_What is needed_
The lines below, from the one holding "Unit Circle, Filled" through the one holding "Исследование отношений поток/объем.", are to be restated word for word, with all images left out.

_Data to examine_
- Opening Delimiter -

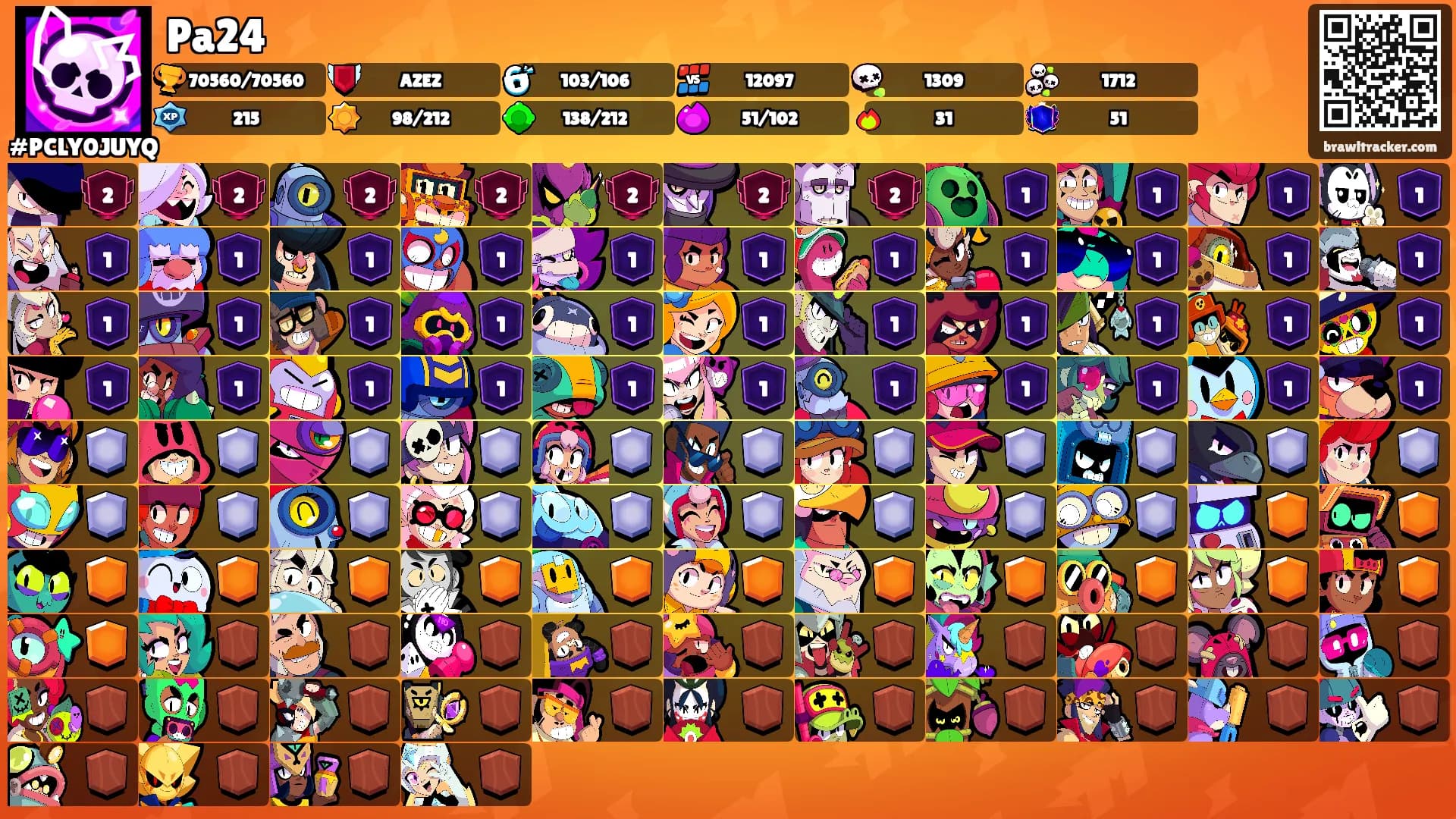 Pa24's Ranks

- Closing Delimiter -
- Opening Delimiter -

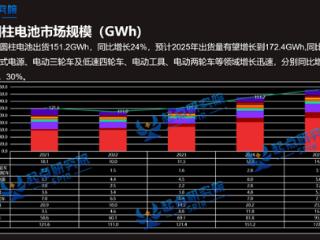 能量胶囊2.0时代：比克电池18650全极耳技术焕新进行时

- Closing Delimiter -
- Opening Delimiter -

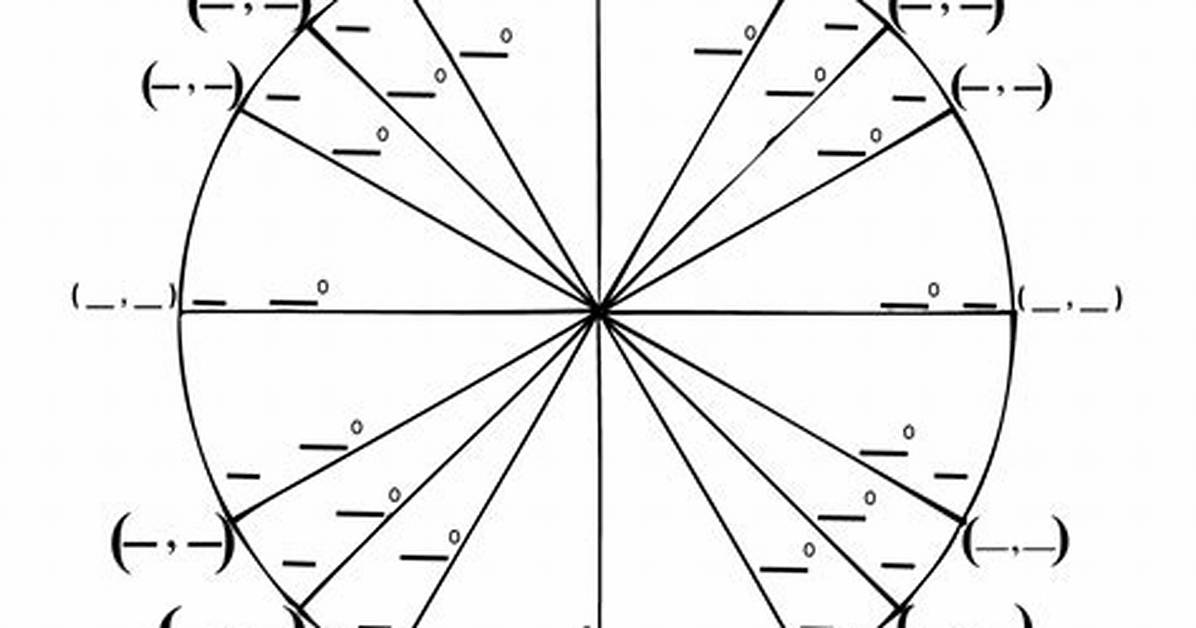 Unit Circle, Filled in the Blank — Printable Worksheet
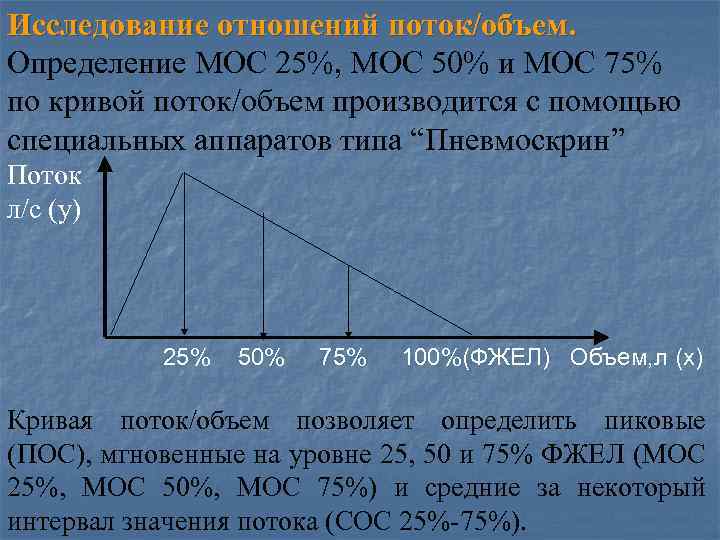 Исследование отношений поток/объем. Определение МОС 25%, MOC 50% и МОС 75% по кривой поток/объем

- Closing Delimiter -

_Task answer_
 Unit Circle, Filled in the Blank — Printable Worksheet
 Исследование отношений поток/объем. Определение МОС 25%, MOC 50% и МОС 75% по кривой поток/объем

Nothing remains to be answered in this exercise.